Remarks of Deputy Assistant Secretary Carstens Accountability for Human Rights Abuses in Nicaragua

Remarks of Roger D. Carstens, Deputy Assistant Secretary,
Bureau of Democracy, Human Rights, and Labor:
Accountability for Human Rights Abuses in Nicaragua
Geneva, Switzerland, April 4, 2019

– as delivered –

Thank you all for joining us today.  The United States welcomes our distinguished guests, media representatives, and, most importantly, our courageous panelists to this event on accountability for human rights violations and abuses in Nicaragua that have occurred under President Daniel Ortega.

We thank The Institute on Race, Equality, and Human Rights for providing the thought-provoking slideshow photos you will see behind me on the screen.

The United States, Argentina, Brazil, Chile, and Georgia are hosting this event today because we are deeply concerned and committed to raising awareness of Nicaragua’s rapidly deteriorating human rights crisis.

The crisis in Nicaragua may not make as many headlines as when it began a year ago, but the deterioration of human rights conditions, the erosion of the rule of law, and the elimination of a free press continue, with devastating consequences for anyone who questions the Ortega regime’s crackdown on the citizens it is supposed to represent.

According to the Office of the High Commissioner for Human Rights, the unrest has already claimed the lives of more than 300 people and left at least 2,000 injured since the crisis began, nearly one year ago.

In April 2018, the Ortega regime cracked down violently on peaceful protests that began over discontent with government actions related to social security benefits and environmental concerns.  The Nicaraguan government reportedly responded with torture and extrajudicial killings by security forces, sniper fire, and other violations and abuses by government-controlled para-police and paramilitary groups.

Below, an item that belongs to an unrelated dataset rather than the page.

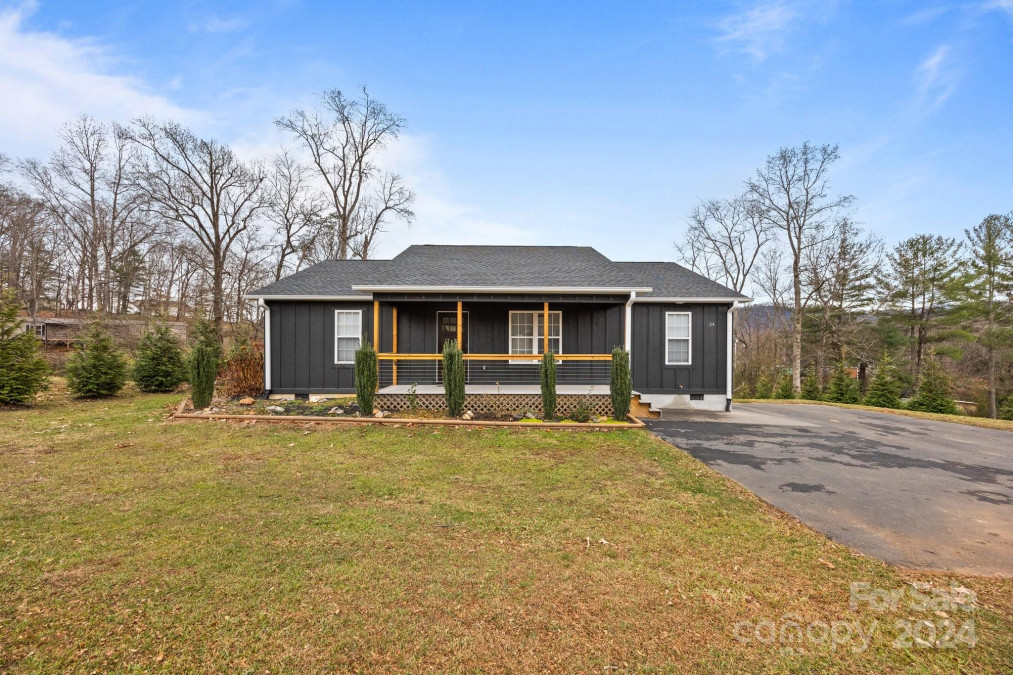 34 Young Dr Candler, NC 28715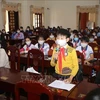 Des députés de l'Assemblée nationale de Quang Tri échangent avec des enfants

Once popular protests were brutally suppressed, the Ortega regime began a new, equally brutal phase of its campaign against Nicaraguans.  It hunted down all members of the opposition with a vengeance, attacking those who spoke out simply for exercising their freedom of expression.  Government officials spoke publicly that the options for opponents of the regime were jail, exile, or death.

The Ortega regime imprisoned hundreds of peaceful protesters for exercising their human rights and charged them as terrorists. These individuals have reportedly endured abuse, torture, rape, and life-threatening prison conditions.

While Ortega released the first 162 prisoners to house arrest at the start of the renewed dialogue, over the weekend of March 16-17, Ortega’s security forces again arrested 164 people during peaceful protests.  Further detentions occurred again on March 30.  The Inter-American Commission on Human Rights currently counts 647 detainees whom it identifies as political prisoners.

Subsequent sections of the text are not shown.